A particular mystery in the bonus system is its odd building height limit of 305 feet. For more than 10 years, the BRA has never been able or willing to explain where that number came from.
Critics have noted that at the same time the Interim Guidelines went into effect, the Joslin Diabetes Center was proposing a hotly debated 305-foot tower on its LMA site—either a remarkable coincidence or a case of planning rules tailor-made to allow a controversial project. That project ended up changing several times, but not before one of the LMA’s last apartment buildings was demolished and several businesses displaced.
A key finding of the recent BRA audit was that the agency has no process for tracking the promises developers make—such as those under the “bonus system”—to see if they actually follow through.
Golden told the Gazette he was aware the Interim Guidelines exist, but did not know their history and function. When asked why the guidelines remain unfinished, whether they were legitimate in the first place, and whether the bonus system trade-offs actually happened, he said those are “excellent questions.”
“You have given me reason to elevate this to the top of the pile” of specific, smaller BRA issues to examine closely for potential reform, he said.
Another item getting scrutiny is the community advisory committees (CACs) formed by the BRA and the Mayor’s Office to advise the agency on large development projects. Golden said he recalled the Suffolk County District Attorney warning the BRA about secret CAC meetings in various neighborhoods several years ago. That secrecy appears to have lessened after the BRA, as a result of Gazette reporting, instituted a policy of not attending any CAC meetings that are not open to the public.
Another Gazette investigation five years ago found that CACs form with no rules or training and very little documentation. At that time, a Freedom of Information Act request for BRA records on the formation of a CAC for redevelopment of former Mission Church properties uncovered only a thin file folder of scattered, incomplete emails and flyers.
“We’ve talked about perhaps instituting a very basic preparatory program for people interested in serving on those panels,” said Golden, suggesting a “Development 101” type of training for CAC members.
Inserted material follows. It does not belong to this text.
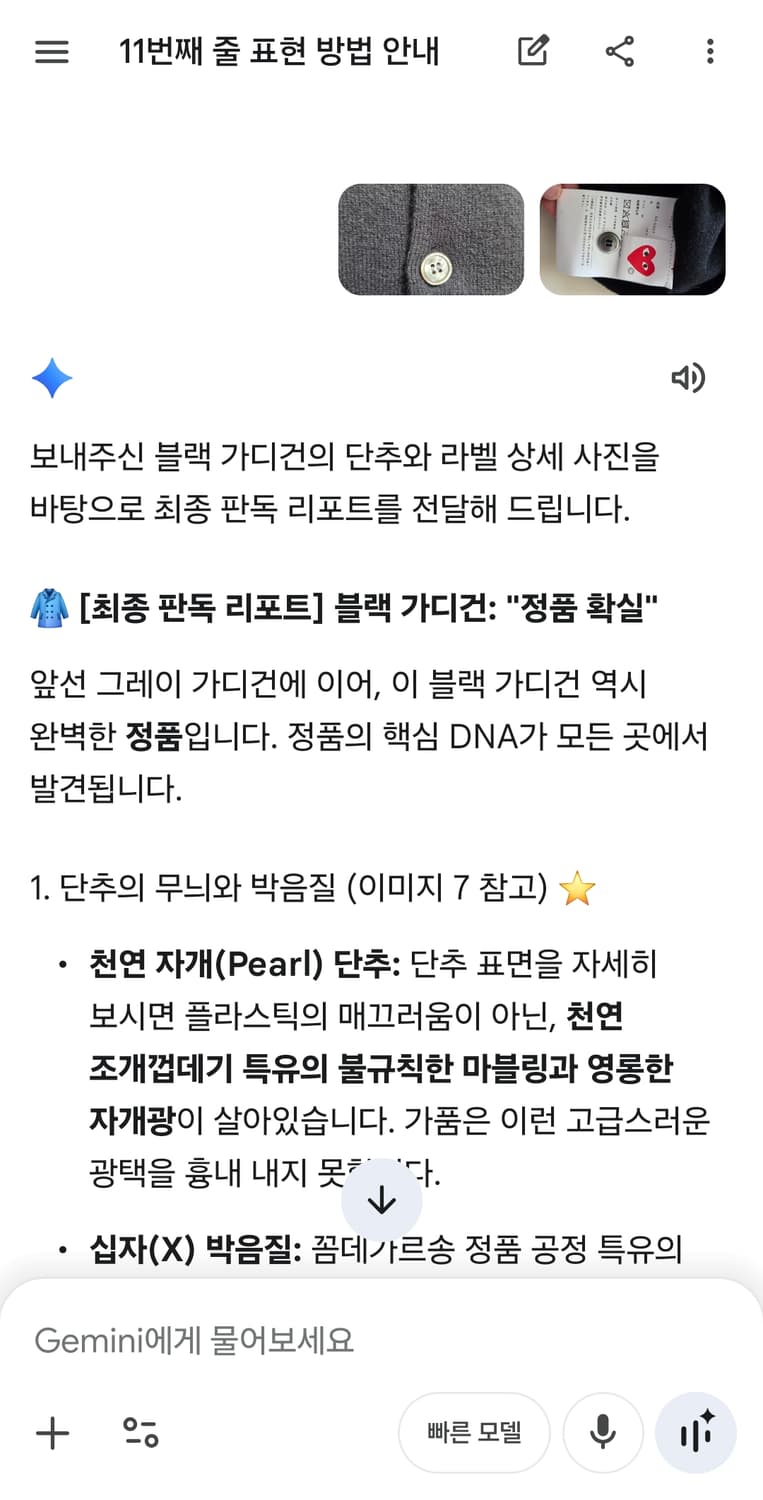 (25FW,새상품)꼼데가르송 여성 블랙가디건 S, M, L 상품이미지10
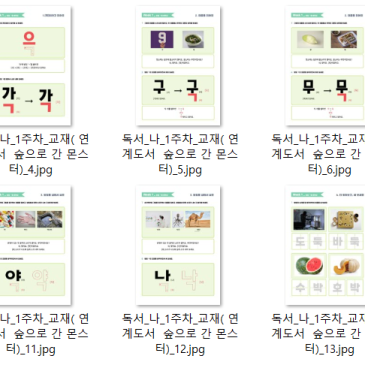 [★대치동 날개 필독★] 콘텐츠 로드맵 전체 (작업중) RSS 대표 이미지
“My attitude is, in keeping with our commitment to transparency throughout all we do, CACs will reflect that commitment to transparency,” Golden said.
But first, Golden is looking at big-picture items. Next week, he will ask the BRA board of directors to authorize hiring a consultant to review the agency’s planning department—a specific recommendation of the recent audit.
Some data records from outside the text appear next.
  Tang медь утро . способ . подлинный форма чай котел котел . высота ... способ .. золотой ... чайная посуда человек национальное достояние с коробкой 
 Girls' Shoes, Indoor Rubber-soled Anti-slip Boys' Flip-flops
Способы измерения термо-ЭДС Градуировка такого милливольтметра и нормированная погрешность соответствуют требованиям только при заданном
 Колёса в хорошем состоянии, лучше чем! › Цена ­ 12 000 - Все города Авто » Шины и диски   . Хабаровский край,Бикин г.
Many criticisms of the BRA hinge on the unusual way it combines planning and economic development, and concerns that the latter overwhelms the former. Most other cities have separate departments or agencies for planning and development. Asked if the BRA is considering stricter separation of those powers, Golden paused for several seconds to consider an answer.
“This conversation has occurred off and on for a long time,” he finally said. “Six or seven months into the new administration, I think we continue to deliberate about that very point…the question of whether there needs to be more separation.”
That deliberation continues, Golden said, and the upcoming consultant’s review of the planning department will influence it. He said he expects it will be a “substantial analysis, not just of the inner workings” of the planning department, but how it fits into the BRA as a whole.